How do power and beauty join forces to determine who is considered ugly? What role does that ugliness play in fomenting hatred? Moshtari Hilal, an Afghan-born author and artist who lives in Germany, has written a touching, intimate, and highly political book. Dense body hair, crooked teeth, and big noses: Hilal uses a broad cultural lens to question norms of appearance—ostensibly her own, but in fact everyone’s. She writes about beauty salons in Kabul as a backdrop to the U.S. invasion of Afghanistan, Darwin’s theory of evolution, Kim Kardashian, and a utopian place in the shadow of her nose. With a profound mix of essay, poetry, her own drawings, and cultural and social history of the body, Hilal explores notions of repulsion and attraction, taking the reader into the most personal of realms to put self-image to the test. Why are we afraid of ugliness?

Excerpt from Ugliness

The cartography of my ugliness was a cynical drawing, a depiction I worked on day and night during the era of my pubescent body. I surveyed myself and added lines to the drawing that had not been there a day earlier. I looked in the mirror and erased and drew over the previous lines, which appeared greater and more grotesque with each passing day. I divided my small body into enemy territories. Chemical bleaches were applicable from the hips up, the razor from the hips down.
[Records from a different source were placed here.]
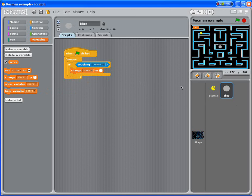So every time Pac-Man hits the blips or the pills, these little circles, that score is going to change by one. Let's go.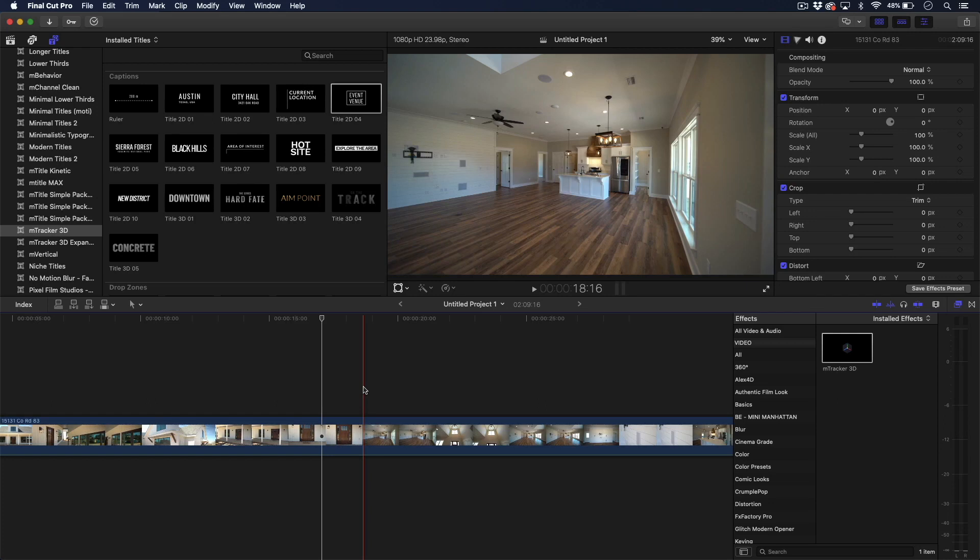Hey, it's Nick with Table19 Media. I wanted to show you how I use M-Tracker 3D with Motion VFX to create 3D titles within a video tour.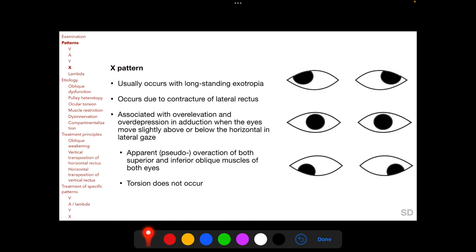In X pattern strabismus, horizontal deviations in straight upgaze and straight downgaze are more exotropic and less esotropic compared to the primary position, resembling an X. X pattern usually occurs with long-standing exotropia due to contracture of the lateral rectus muscles. In an X pattern, when an adducted eye moves slightly above or below the horizontal, there can be apparent over-elevation or over-depression, giving pseudo-overaction of both superior and inferior oblique muscles. However, since true oblique overaction is absent, torsion does not occur.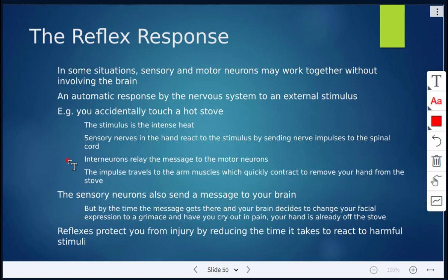The reason it's done that way is because it would take a longer time to send a message to the brain, and by then you might be burnt even more. The sensory neurons will still send a message to the brain, but by the time the message gets there and your brain decides to change your facial expression or have you cry out in pain, your hand is already off the stove. These reflexes are basically protecting us from injury by reducing the time it takes to react to harmful stimuli.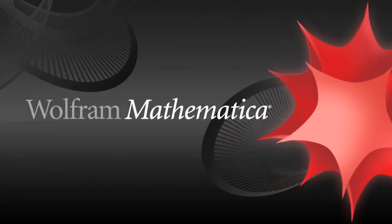Mathematica is renowned as the world's ultimate application for computations, but it's much more.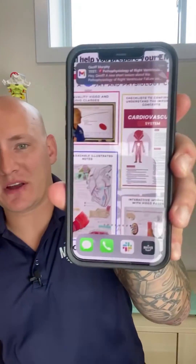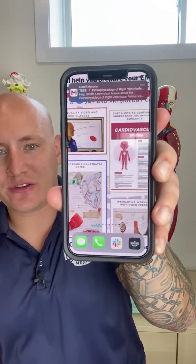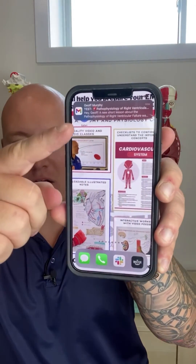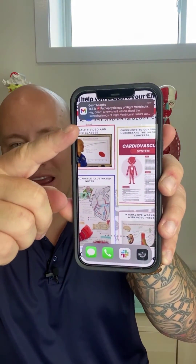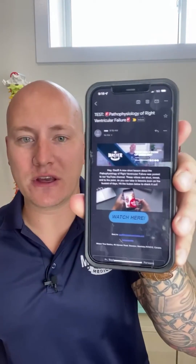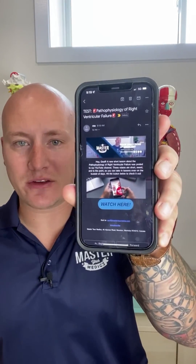If you love our short videos and you're worried about missing them, don't worry — we'll send them straight to your email. Just hit the link in our bio to sign up and get your daily dose of medicine.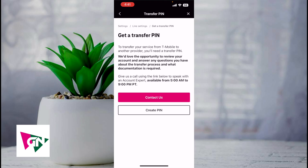Once you click on Transfer PIN, you can either contact them or create the pin yourself. In order to transfer your service from T-Mobile to another provider, you will need your transfer pin.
There was my head, big and unsteady on a twiggy neck and short little body. The face was such a mess, it had barely any room. I gave myself a pointed, cool nose, like a sharp blade, a place where anyone who got too close would cut themselves.
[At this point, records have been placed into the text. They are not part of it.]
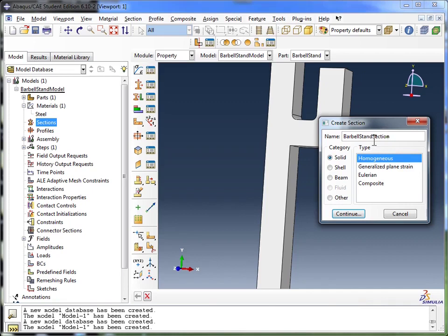Once you learn to use Abacus, you can do all sorts of creative things like renaming all these, and of course, performing more complex analyses.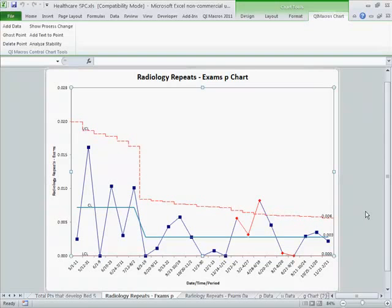That's how easy it can be to use a p-chart for statistical process control — to measure and monitor all your healthcare processes that involve fraction defective kinds of things, good or bad outcomes. And it's pretty easy to do using QI Macros.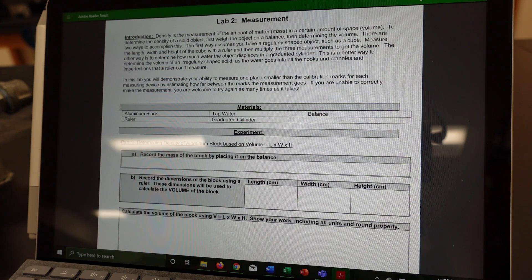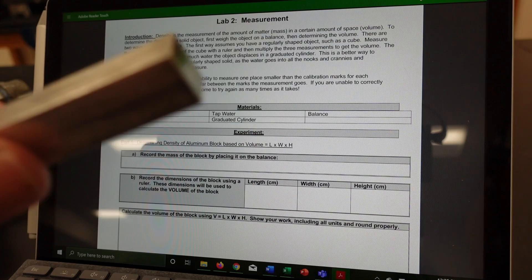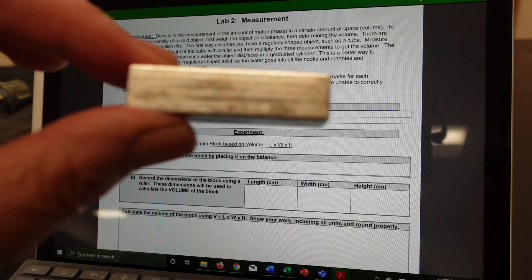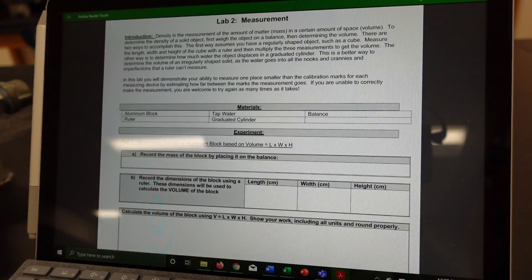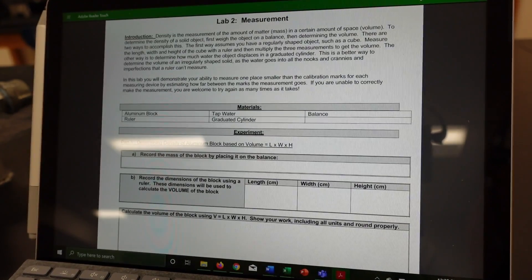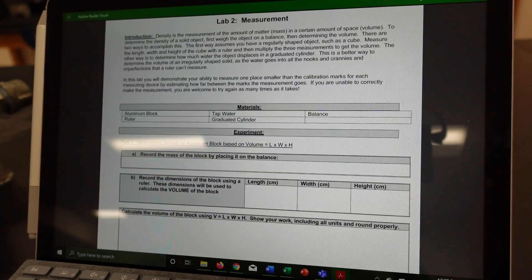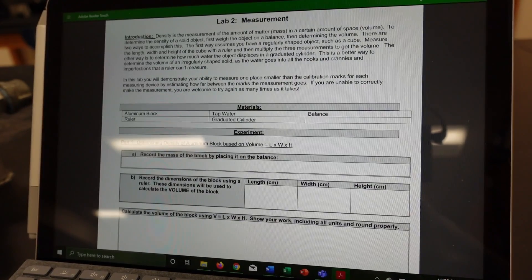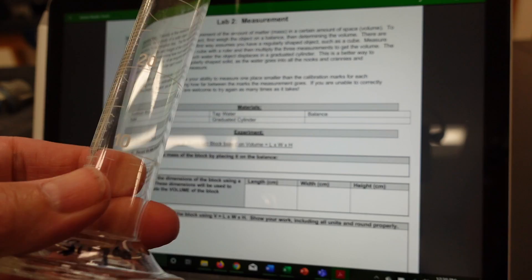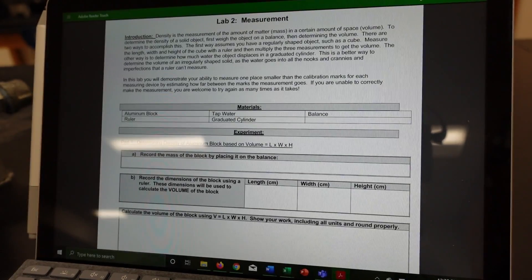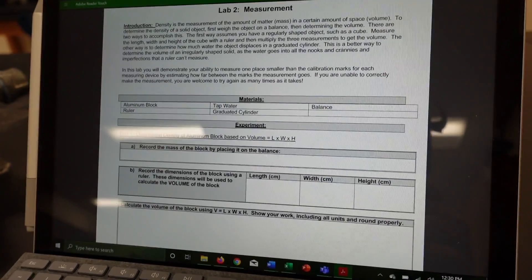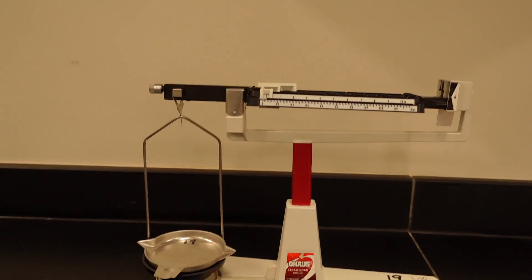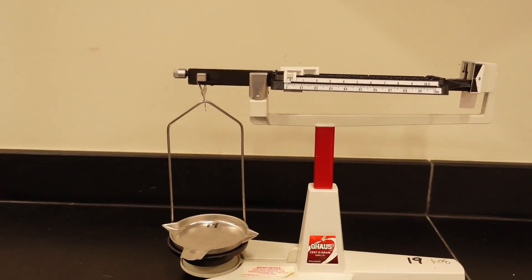Now, for this particular lab, we need the following materials. We need an aluminum block. We need a ruler. We need tap water, which will go into a graduated cylinder. And you will also need a beam balance, which I have right over here.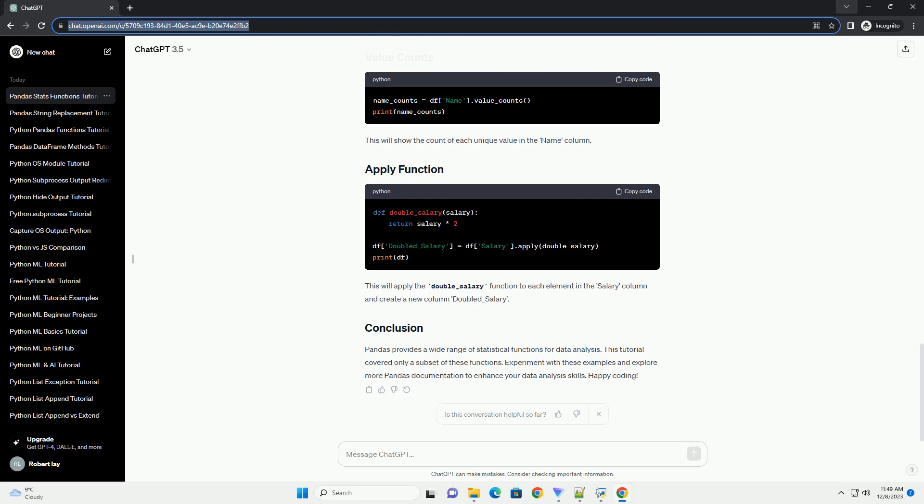This will display the correlation matrix, which shows the correlation between numerical columns.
My eyes were glazed and tired, the eyeballs big and intense, the bags under them deep and exhausted. And my mouth became very small and insignificant, parched and alone.

That was the drawing—a cynical reckoning with my body, at once mathematical and militaristic. An honest analysis intended to prepare me for myself. There was no way I would ever be beautiful.
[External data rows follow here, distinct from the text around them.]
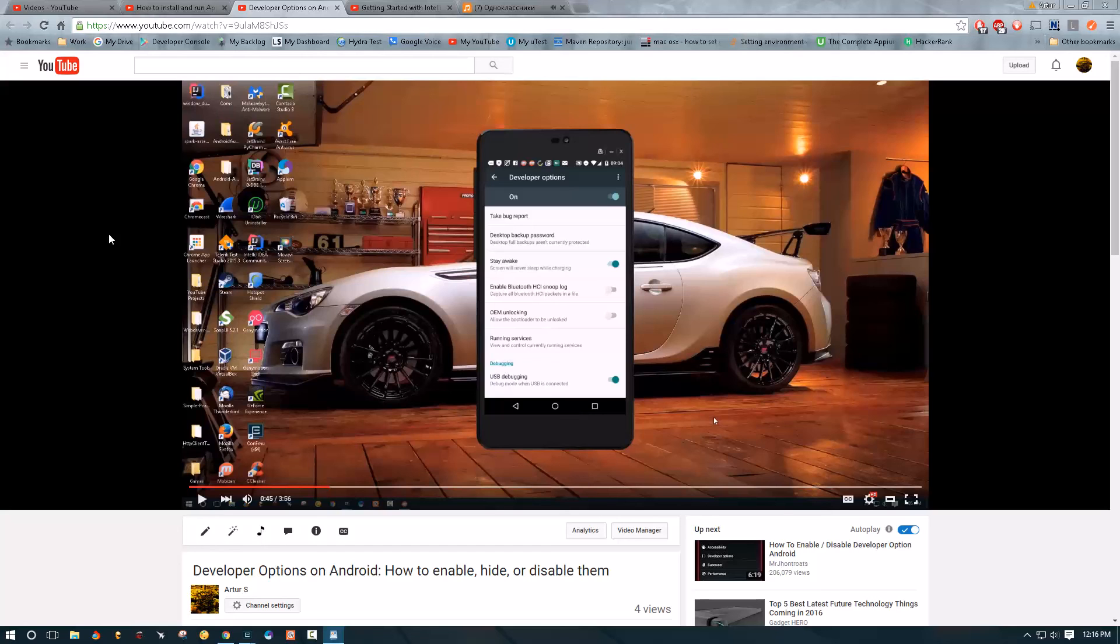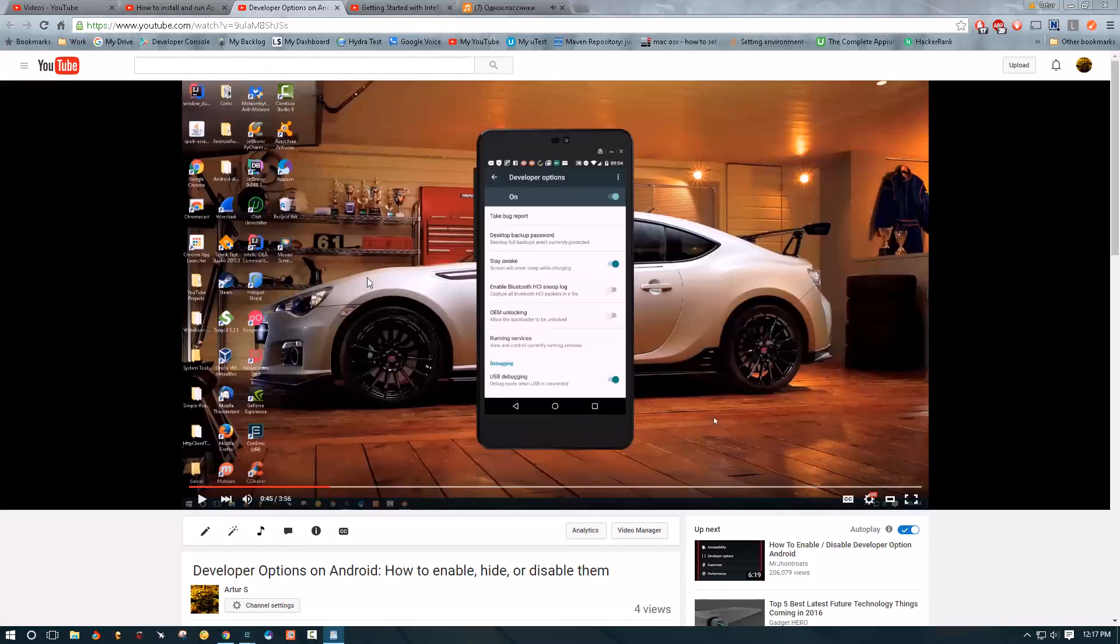We are going to create an Android driver and make it click some buttons, maybe do some scrolling. So that's it for this video, make sure to check out my next video. Take care guys.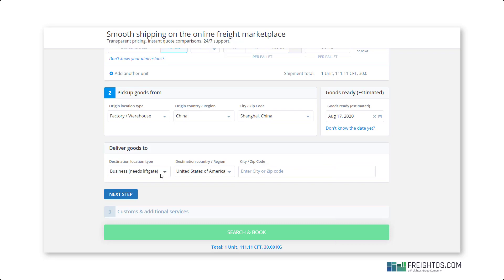We do recommend placing your Freightos.com booking 7 to 10 days before your estimated cargo ready date. This will allow the freight forwarder to arrange the next best sailing for your cargo and arrange pickup as soon as the cargo is ready.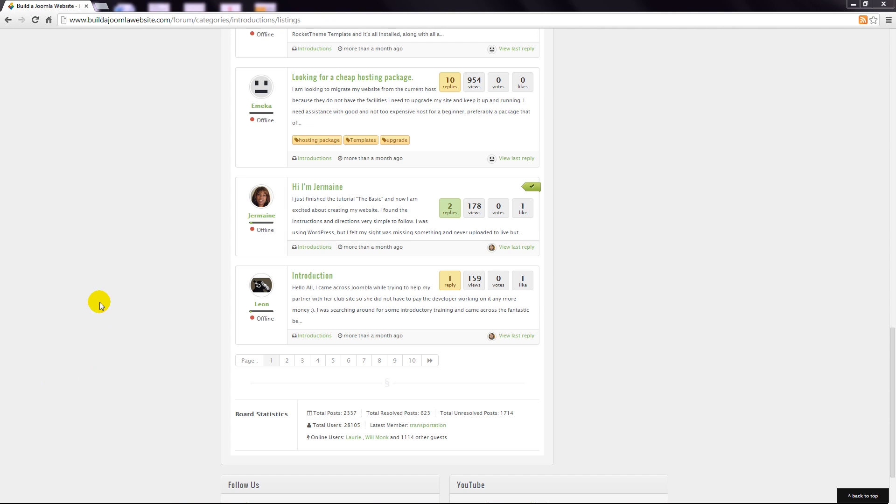Well I hope you've learned a lot from this free course. You might like to head to our forum now and write a post in the introduction category so I can say hi. I look forward to seeing your first Joomla website. Bye for now.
But would I allow myself to be exceptionally ugly? It was one thing to be short, thin, and distinctive, but to be short, thin, distinctive, and hairy—that went beyond excruciating. My battle plan took aim at that last element.

My fur became the scapegoat.

My mustache was striking and, unlike most other parts of my body, could not be concealed. When I spoke, each word was framed by little hairs. And these little hairs deprived me of my femininity. My mustache was thicker and coarser than the fuzz on my chin and cheeks. I could have bleached it to make it less noticeable, but then I would have had to do my whole face. How else could I have explained the transition from blond fuzz to the black hairs that sprouted from every follicle on my brow and the rest of my body?